The country used to import natural gas via the Arab Gas Pipeline from Egypt, which supplied 88% — approximately 1 billion cubic metres of natural gas per year — of Jordan’s needs to generate electricity. However, repeated attacks on the pipeline since 2011 forced Jordan’s power plants to find other suppliers and sent its energy bill to record highs.
The deal with Noble Energy would enable Jordan to import around 8.5 million cubic metres of gas per day, about 40% of its needs.
NEPCO said feasibility and technical studies indicated the deal should help it achieve a $600 million annual surplus and keep electricity prices down.
According to NEPCO, the agreement would allow Jordan to utilise gas fields discovered in the Palestine territories, Cyprus and Egypt by making “Jordan part of regional project by the European Union and the Union for the Mediterranean aimed at taking advantage of gas finds in the eastern Mediterranean”.
It would also allow Jordan to diversify energy supplies in light of the attacks on the Egyptian gas pipeline.
NEPCO signed a letter of intent with Noble Energy in September 2014 to research supplying its power stations with gas from the Mediterranean field off the coast of Haifa. The letter of intent led to contentious debates within Jordan and many members of parliament and activists rejected the idea of importing gas from Israel.

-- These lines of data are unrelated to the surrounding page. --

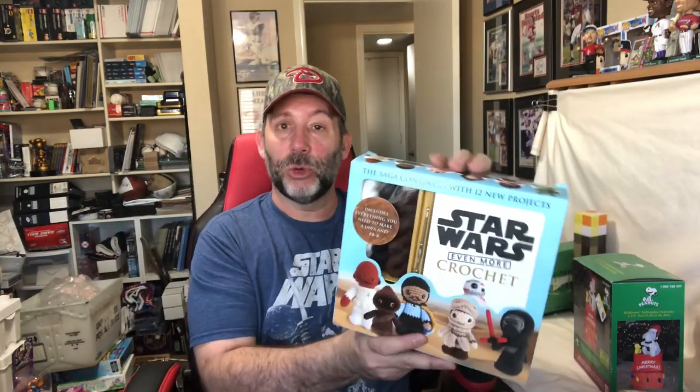Next is this little crochet kit. I've been finding quite a few of these — I think they were popular last year as gifts and a lot of people ended up donating them. I have another one in my booth right now that's princesses or something, but this one is for Star Wars. You can make BB-8 and a Jawa. It's a cool little kit — $5.49, and I think I put them in my booth for like $15.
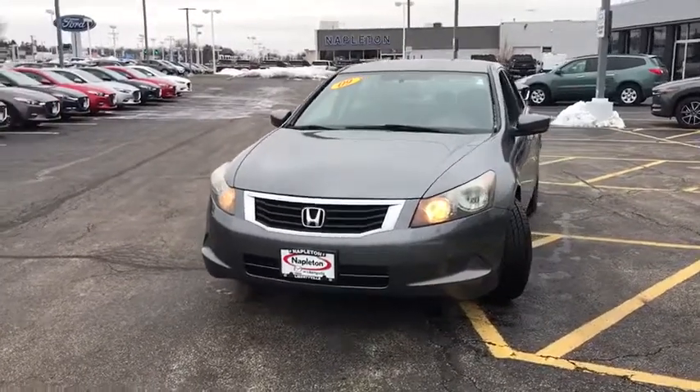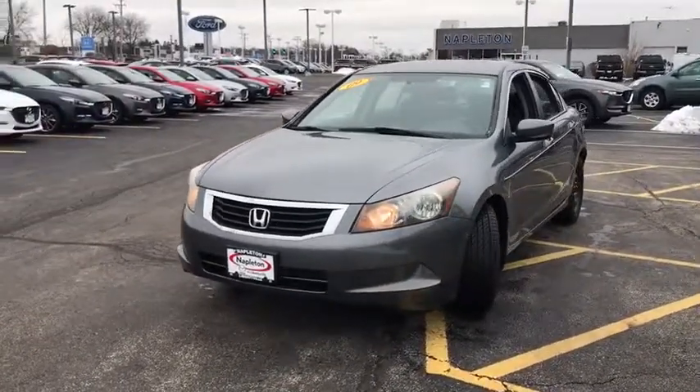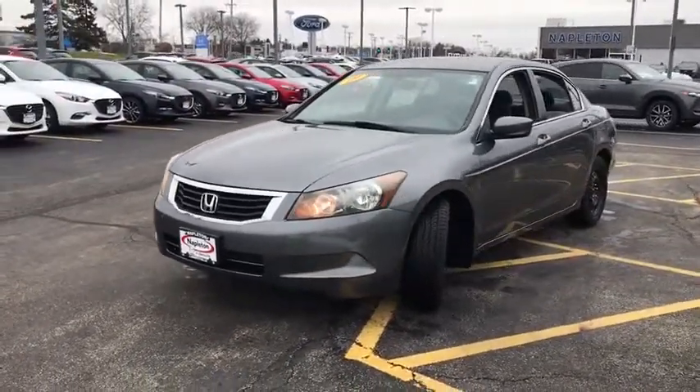This vehicle has less than 130,000 miles. Here are some of this vehicle's great options.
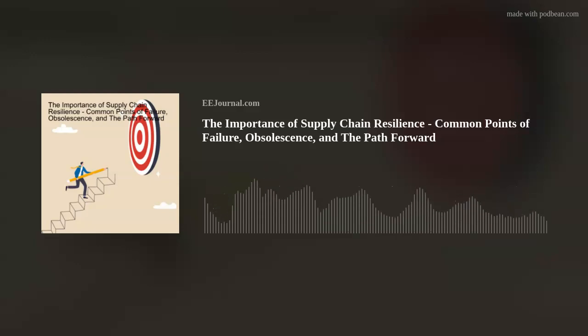Thank you, Amelia. Great to be here. So, we're talking about how legacy equipment manufacturers can support national security, economic strength, and career satisfaction. So, first, let's talk about supply chain resilience. Ethan, why is supply chain resilience so important?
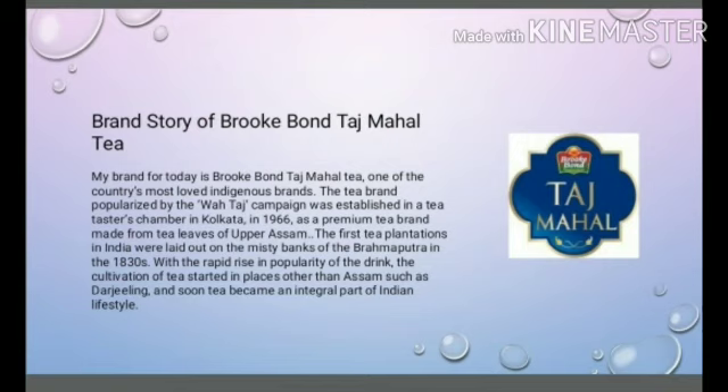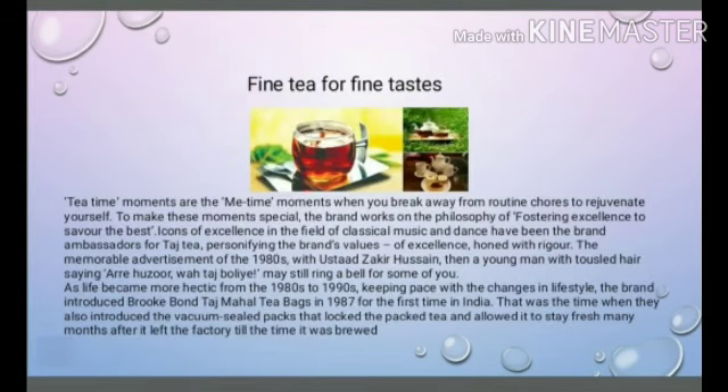Brand Story of Brookborn Taj Mahal Tea: My brand for today is Brookborn Taj Mahal Tea, one of the country's most loved indigenous brands. The tea brand, popularized by the 'Wah Taj' campaign, was established in the Tea Taster Chambers in Kolkata in 1966, as a premium tea brand made from the tea leaves of Upper Assam. Fine tea for fine taste.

In 2015, Abdullah Ensour, then the prime minister, said the plan would be put on hold “until the US company settles its ongoing legal dispute with Israel”. Israeli Antitrust commissioner David Gilo had rescinded an agreement with Noble Energy and Delek Group allowing the two companies to retain majority stakes in Israel’s two biggest gas fields, Tamar and Leviathan.
NEPCO said the 1994 Jordan-Israel peace treaty regulates the two countries’ relations. According to the company, the deal with Noble Energy is only one future gas import option.
“Signing the deal is in line with the government’s policy to diversify its energy resources and increase the competitiveness of the major national industries,” the state-owned company said in a statement.
Jordan cannot only rely solely on renewable energy to meet electricity demand, which, according to official figures, rises 6-7% annually, but also needs natural gas, the statement said.
According to the government, Jordan will continue to import liquefied natural gas through the terminal in Aqaba.
Government spokesman Mohammad Momani said it was shallow to suggest that Jordan supports the Israeli occupation by signing the gas deal.
“We are the one country most capable of confronting this occupation,” he said in televised remarks. The matter should be put in perspective, he said, since Jordan had a peace deal with Israel and long-standing bilateral trade agreements.
The deal is a strategic choice based on the need to diversifying energy supplies and does not put Jordan at Israel’s mercy as some had suggested, Momani said.
Activists threatened to sue the government over the gas deal with Israel, which they said would hurt the kingdom’s economy.
“The government prefers to support the terrorist Israeli entity with billions of dollars instead of investing in renewable energy projects and creating jobs for Jordanians,” said a member of the Jordanian National Campaign Against the Gas Agreement with the Zionist Entity group who declined to be named.
The group said it formed a legal team in cooperation with the Jordan Bar Association to file a lawsuit against the government calling for the cancellation of the agreement.
“It is a deal rejected by the people of Jordan. It has long-term economic, political and moral consequences that would affect the country. By signing the agreement, our national security and economy will be at the mercy of the Zionist entity,” said Sireen Itani, a member of the boycott, divestment and sanctions (BDS) movement in Jordan.
The deal would see Jordan investing and developing Israel’s energy sector, she said.
“A good percentage of our electricity bills would be sent to Israel. We would be funding its next war on Gaza,” she said.
Even younger, non-political Jordanians tended to agree.
“I think the government should not accept it since Palestinians are murdered in Palestine by Israel every day,” said university student Heba Khaleed, 19. “And to think we would have another contract with the Zionist state. We are letting our martyrs down.”